What to work on> Take the lines below from the one with "Tela de crepé" through the one with "Hermes Luxury Knit" and retype them exactly. Include nothing else, and no pictures.

-------- Record extracts

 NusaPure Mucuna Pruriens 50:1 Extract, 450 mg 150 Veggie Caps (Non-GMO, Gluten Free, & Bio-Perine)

----------------
-------- Record extracts

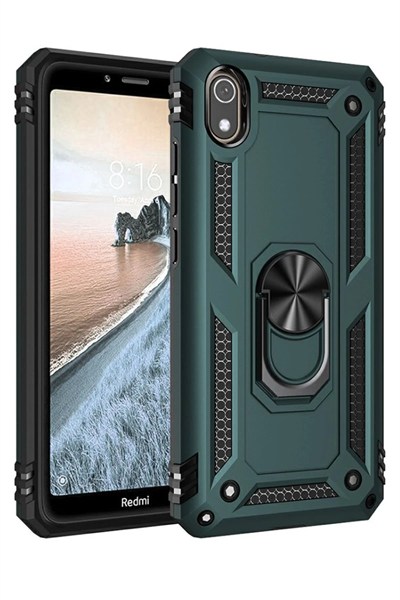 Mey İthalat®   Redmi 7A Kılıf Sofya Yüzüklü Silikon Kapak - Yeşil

----------------
-------- Record extracts

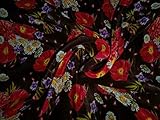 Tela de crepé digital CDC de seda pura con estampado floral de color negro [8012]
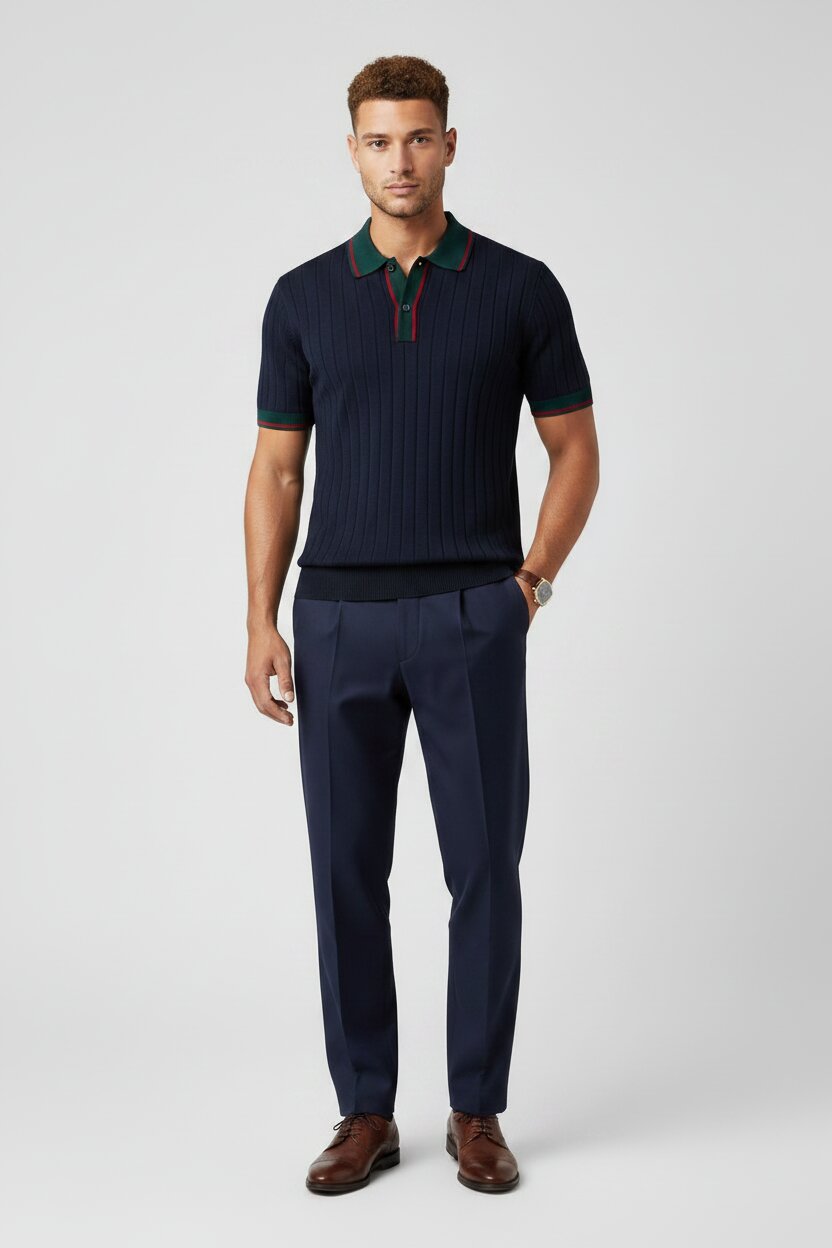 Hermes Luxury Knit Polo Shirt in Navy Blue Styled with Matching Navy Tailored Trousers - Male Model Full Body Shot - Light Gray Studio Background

----------------

Solution to this exercise>
 Tela de crepé digital CDC de seda pura con estampado floral de color negro [8012]
 Hermes Luxury Knit Polo Shirt in Navy Blue Styled with Matching Navy Tailored Trousers - Male Model Full Body Shot - Light Gray Studio Background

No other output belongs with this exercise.